C'est un exercice difficile de miniaturiser l'histoire du monde arabe au moment de son expansion vers l'Orient (Empire perse, Inde, Chine) et vers l'Occident (Empire byzantin, Andalousie, Sicile) ainsi que les apports culturels qui s'en sont suivi en Europe. On retiendra donc que la région arabe «  ce désert au contact du monde » était avant l'islam en liaison avec l'Empire byzantin, l’Éthiopie et l'Empire sassanide (de Perse) ; des tribus arabes christianisées, les Lakhmides de Hira, nestoriennes, alliées de l'Iran et les Ghassanides monophysites, auxiliaires des empereurs byzantins étaient installées en Mésopotamie et en Syrie. La Mecque était une étape caravanière importante entre le Yémen et la Palestine d'où l'on exportait l'encens largement consommé par les Romains puis par l'Eglise chrétienne occidentale ; Mahomet se servit de Médine, plus au nord, comme Cité-État où il promulgua le licite et l'illicite et organisa des razzias contre ses riches cousins ennemis, les Koréïchites ; lui succédèrent les dynasties omeyyade installée à Damas, puis abbasside qui créa Bagdad au nord de Ctésiphon-Babylone ; ces empires qui maîtrisaient l'eau introduisirent de nouvelles cultures, le riz, la canne à sucre et aussi le coton, créèrent une industrie du textile à base de soie. Des voies de communication, maritimes en Méditerranée, Mer Noire et dans l'Océan indien, terrestres avec les caravanes se rendant vers l'est par la Route de la Soie, vers le sud par le Sahara, relièrent des villes de plus en plus développées, Fustat en Égypte, Tolède, Cordoue en Andalousie, Fès (808) et Marrakech (1062) au Maroc, à la capitale califale , Bagdad (762), dont l'essor intellectuel attirait des savants de l'Inde, d'Asie Centrale et de tous les pays arabisés. Les traducteurs -médecins chrétiens étaient appréciés par les Califes et contribuèrent à aux découvertes scientifiques dans les domaines de l'astronomie, de la géographie, des mathématiques (chiffres arabes, algèbre), de la médecine (Le Canon d'Avicenne).

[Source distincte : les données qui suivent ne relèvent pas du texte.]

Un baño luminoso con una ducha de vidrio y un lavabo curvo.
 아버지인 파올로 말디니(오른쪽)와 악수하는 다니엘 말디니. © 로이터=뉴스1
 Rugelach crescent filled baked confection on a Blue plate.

L'auteur signale avec justesse que la civilisation arabe avait su recueillir l'héritage culturel de Mésopotamie, de Perse, de l'Inde et de Byzance. Son influence allait rayonner par les relais d'Europe du sud, Sicile et Andalousie, vers toute l'Europe ; le Pape Gerbert (d'origine auvergnate) de l'an 1000, ayant étudié en Catalogne des manuscrits arabes, découvrit l'existence des chiffres arabes et les fit connaître à Bologne, où l'université les adoptera cent ans plus tard ; les commentaires d'Averroes (Ibn Rouchd) de Cordoue sur Aristote déclenchèrent des controverses philosophiques et médiévales parmi les clercs européens ; l'ouvrage de Copernic (1473-1541) Des révolutions des sphères célestes reprendra les démonstrations de l'astronome Ibn Ash-Shater (1304-1375)

Sans doute historienne de formation, Madame Megdoud est très réservée par rapport au message coranique ; ainsi, page 7, écrit-elle « Le Coran, recueil d'enseignements que Mahomet affirmait avoir reçus de Dieu » et « La nouvelle religion (l'Islam) devint une idéologie au service de la conquête » : page 22 «  Mahomet rendit public le fruit de sa réflexion la présentant comme une « révélation » que lui aurait apportée l'archange Gabriel des Juifs et des Chrétiens » ou « Issu du panthéon polythéiste arabe, Allah, dieu unificateur était promu au rang de dieu unique ». La laïcité à la française est bien appliquée dans ce petit manuel qui pourrait être utilisé au lycée ou en faculté.

En contrepartie, des attaques antichrétiennes sont ménagées ; page 12 « En 415, Hipatie, philosophe et mathématicienne d'Alexandrie fut assassinée par des fanatiques chrétiens » ou « les chrétiens causèrent la destruction d'une bonne partie des ouvrages de la Bibliothèque d'Alexandrie » ; il est vrai que , chez d'autres auteurs, la destruction de la Bibliothèque d'Alexandrie est attribuée aux envahisseurs musulmans ; peut-être faut-il être plus précis et éviter le terme « fanatique » dans un ouvrage à prétention historique. D'autre part, Madame Megdoud, évoquant les arabes de culture grecque qui furent au service des premiers Omeyyades, parle de la famille « Damascène » (page 35) ; elle veut sans doute parler de la famille de Damas, les Sarjoun père et fils, car c'est le petit-fils Jean qui, après avoir été ministre des finances, se retira dans un couvent, écrivit des ouvrages de théologie et on lui donna le nom de Saint Jean Damascène pour le distinguer d'autres Jean.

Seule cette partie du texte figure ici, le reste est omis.